All lines below starting at the one that holds "Hello students, good" and ending at the one that holds "What's up guys" should be printed exactly, ends included. Pictures should not be printed, nor anything else.

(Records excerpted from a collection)
== Segment start ==
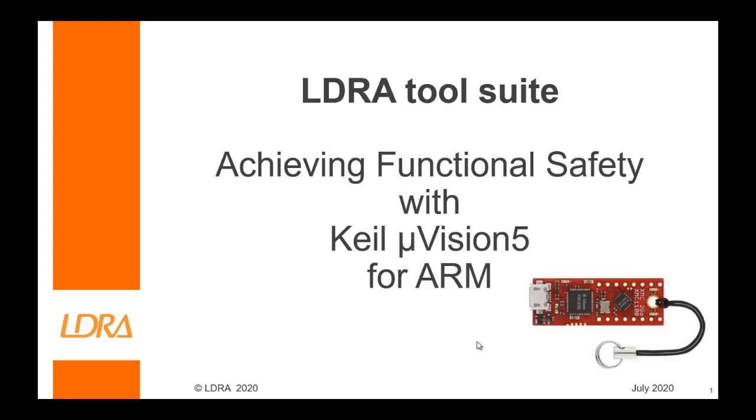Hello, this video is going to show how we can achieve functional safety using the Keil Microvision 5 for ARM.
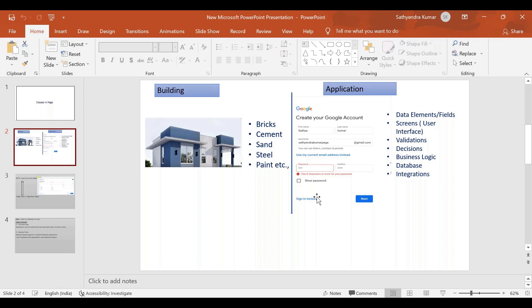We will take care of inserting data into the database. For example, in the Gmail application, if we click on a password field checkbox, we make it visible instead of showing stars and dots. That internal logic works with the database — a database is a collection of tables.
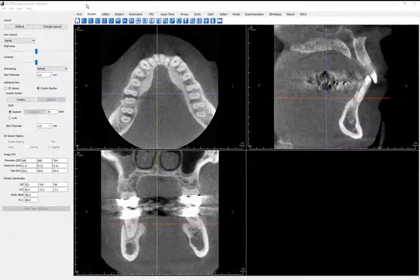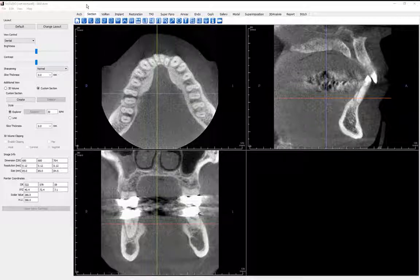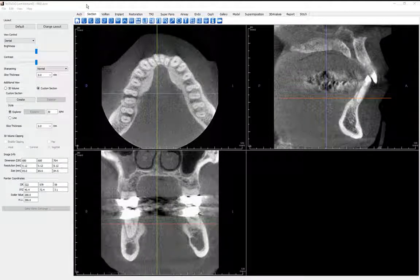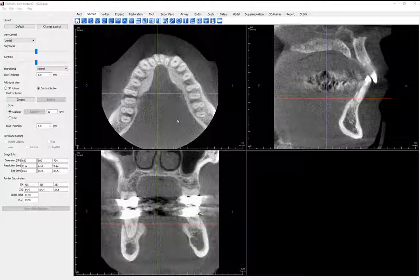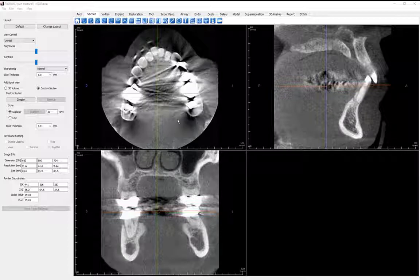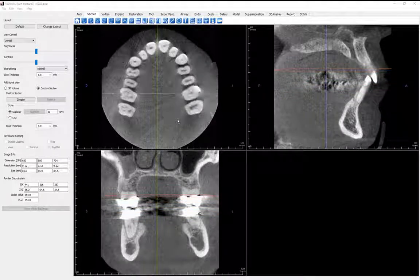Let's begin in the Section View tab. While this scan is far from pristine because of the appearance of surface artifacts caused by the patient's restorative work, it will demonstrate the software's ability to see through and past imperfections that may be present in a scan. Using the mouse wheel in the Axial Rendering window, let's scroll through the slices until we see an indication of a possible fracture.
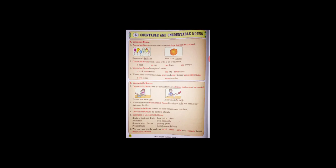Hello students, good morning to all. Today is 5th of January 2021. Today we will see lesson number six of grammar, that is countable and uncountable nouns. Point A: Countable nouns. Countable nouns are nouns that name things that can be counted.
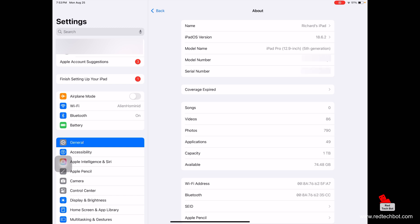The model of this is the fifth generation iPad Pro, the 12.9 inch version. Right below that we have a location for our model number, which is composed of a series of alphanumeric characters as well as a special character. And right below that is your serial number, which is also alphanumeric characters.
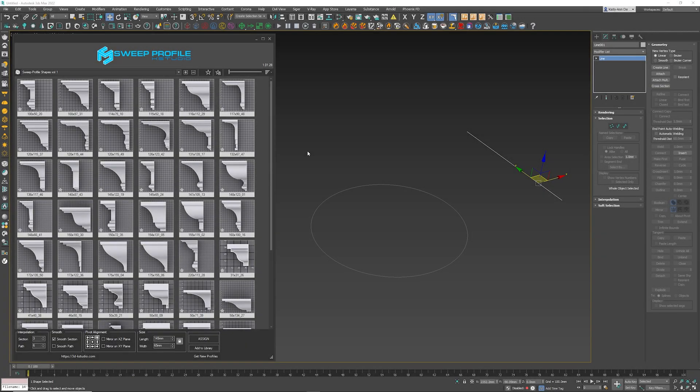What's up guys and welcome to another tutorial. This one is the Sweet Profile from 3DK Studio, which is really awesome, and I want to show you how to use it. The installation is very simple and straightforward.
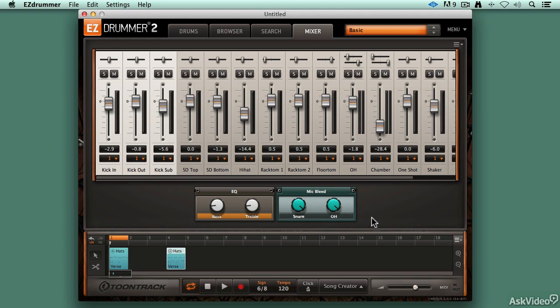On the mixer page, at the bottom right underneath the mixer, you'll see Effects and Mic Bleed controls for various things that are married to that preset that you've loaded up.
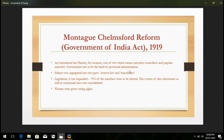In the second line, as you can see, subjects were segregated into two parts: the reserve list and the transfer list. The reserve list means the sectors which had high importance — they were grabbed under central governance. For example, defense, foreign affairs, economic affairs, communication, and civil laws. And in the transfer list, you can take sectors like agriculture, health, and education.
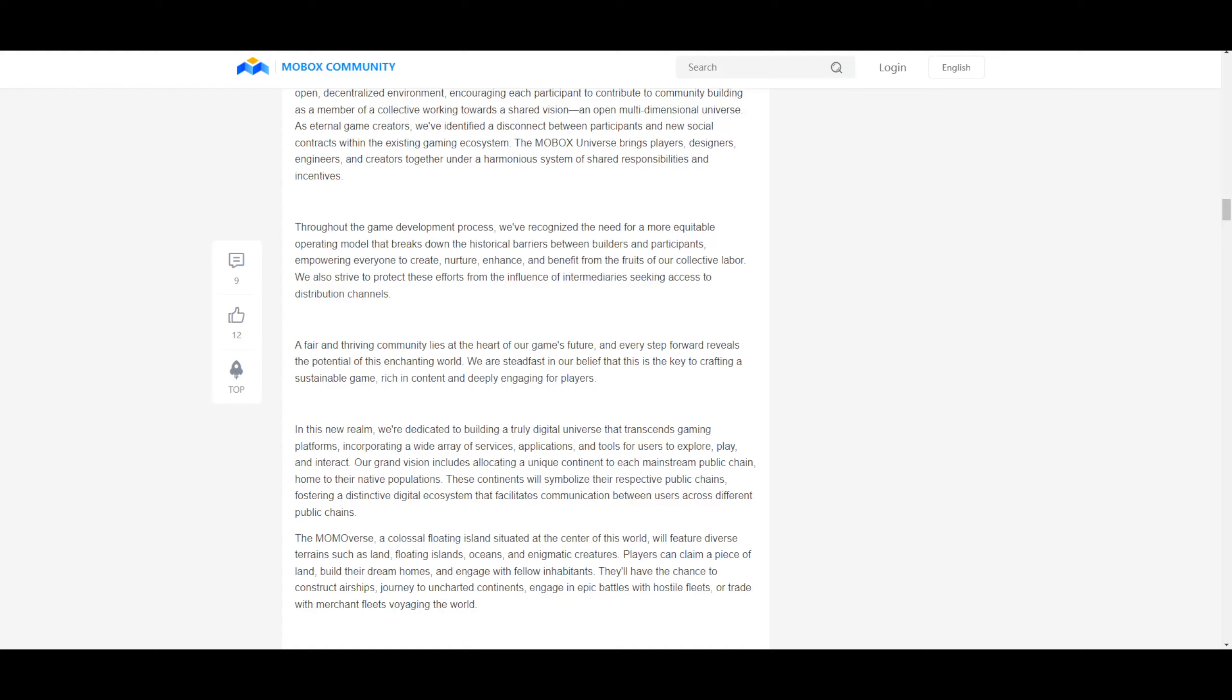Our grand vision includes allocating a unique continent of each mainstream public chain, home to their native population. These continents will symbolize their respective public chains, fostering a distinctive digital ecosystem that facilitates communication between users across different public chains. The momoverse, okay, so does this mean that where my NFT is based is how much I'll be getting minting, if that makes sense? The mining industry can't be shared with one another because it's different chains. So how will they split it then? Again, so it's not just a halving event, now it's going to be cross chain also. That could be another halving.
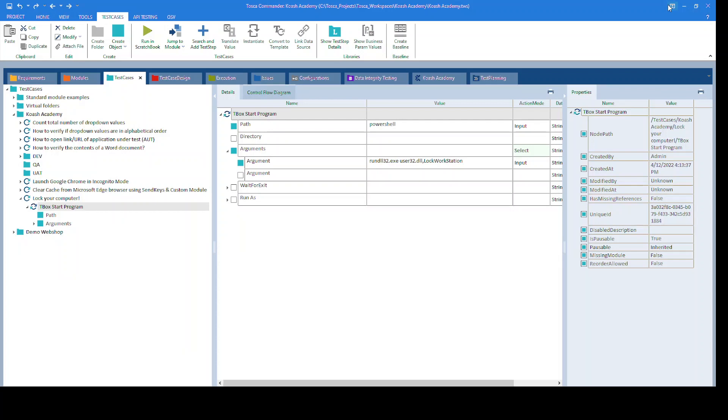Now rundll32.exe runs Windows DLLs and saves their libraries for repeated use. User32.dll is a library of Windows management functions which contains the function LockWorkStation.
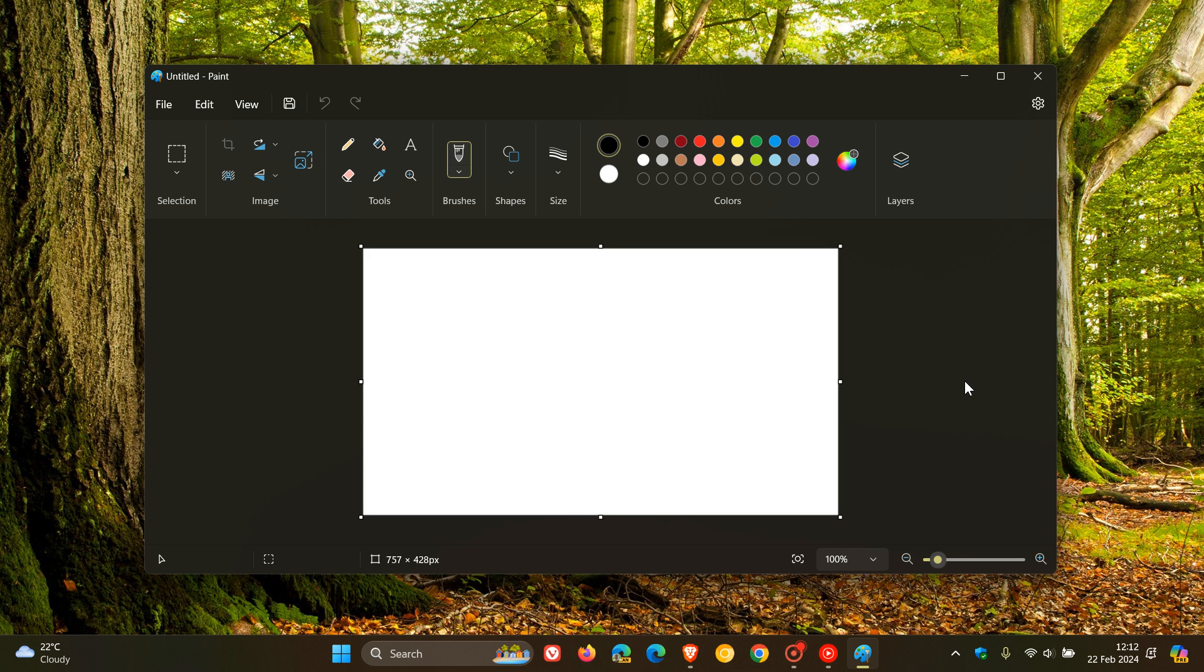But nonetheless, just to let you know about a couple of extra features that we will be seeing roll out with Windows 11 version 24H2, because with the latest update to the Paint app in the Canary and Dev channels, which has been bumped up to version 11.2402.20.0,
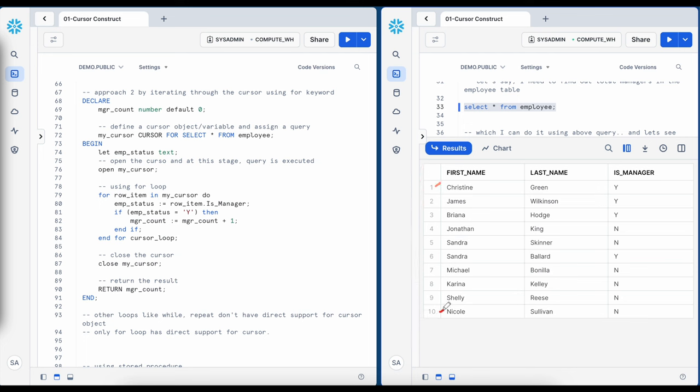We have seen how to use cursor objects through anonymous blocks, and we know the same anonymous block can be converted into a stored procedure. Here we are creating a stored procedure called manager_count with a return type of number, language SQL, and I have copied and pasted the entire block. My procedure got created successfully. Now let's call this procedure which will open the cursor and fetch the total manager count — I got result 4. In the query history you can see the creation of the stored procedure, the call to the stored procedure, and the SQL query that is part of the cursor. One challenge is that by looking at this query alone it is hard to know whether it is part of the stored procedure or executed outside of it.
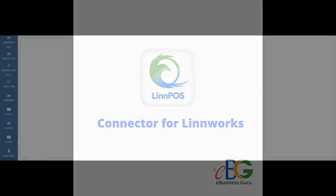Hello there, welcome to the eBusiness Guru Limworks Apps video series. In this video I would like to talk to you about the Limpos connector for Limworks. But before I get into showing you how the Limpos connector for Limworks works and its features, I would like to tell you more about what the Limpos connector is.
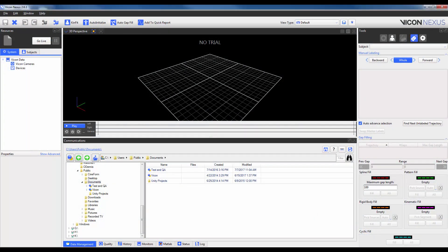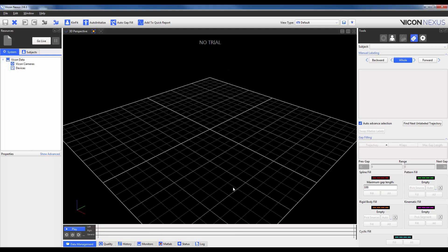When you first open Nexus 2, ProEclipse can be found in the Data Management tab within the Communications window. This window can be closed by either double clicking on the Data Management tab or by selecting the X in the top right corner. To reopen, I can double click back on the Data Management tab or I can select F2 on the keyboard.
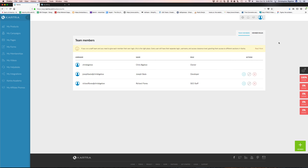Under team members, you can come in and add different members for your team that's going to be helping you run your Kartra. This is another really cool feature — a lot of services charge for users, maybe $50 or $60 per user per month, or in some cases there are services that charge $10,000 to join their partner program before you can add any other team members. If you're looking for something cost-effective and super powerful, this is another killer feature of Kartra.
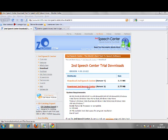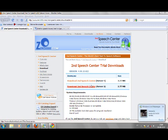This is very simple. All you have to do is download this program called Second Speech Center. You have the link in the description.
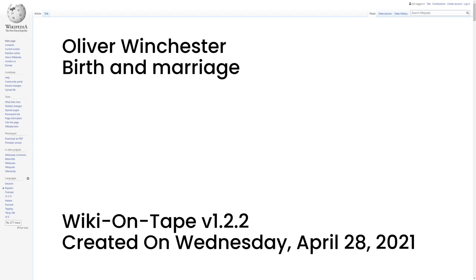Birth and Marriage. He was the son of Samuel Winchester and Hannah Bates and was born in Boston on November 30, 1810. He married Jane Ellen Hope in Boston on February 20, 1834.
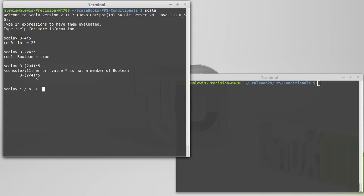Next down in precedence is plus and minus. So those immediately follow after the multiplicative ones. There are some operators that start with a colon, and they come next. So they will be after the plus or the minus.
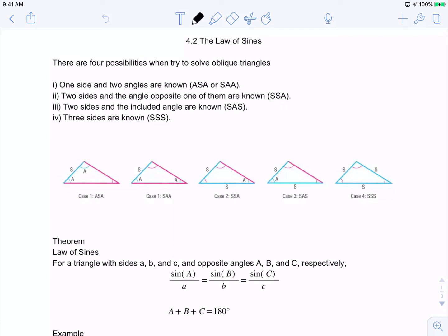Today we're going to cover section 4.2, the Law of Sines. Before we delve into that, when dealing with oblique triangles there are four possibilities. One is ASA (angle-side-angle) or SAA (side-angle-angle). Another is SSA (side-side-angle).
== Segment end ==
▸ **Response**:
Hello students, good morning to all. Today is 5th of January 2021. Today we will see lesson number six of grammar, that is countable and uncountable nouns. Point A: Countable nouns. Countable nouns are nouns that name things that can be counted.
The model of this is the fifth generation iPad Pro, the 12.9 inch version. Right below that we have a location for our model number, which is composed of a series of alphanumeric characters as well as a special character. And right below that is your serial number, which is also alphanumeric characters.
What's up guys and welcome to another tutorial. This one is the Sweet Profile from 3DK Studio, which is really awesome, and I want to show you how to use it. The installation is very simple and straightforward.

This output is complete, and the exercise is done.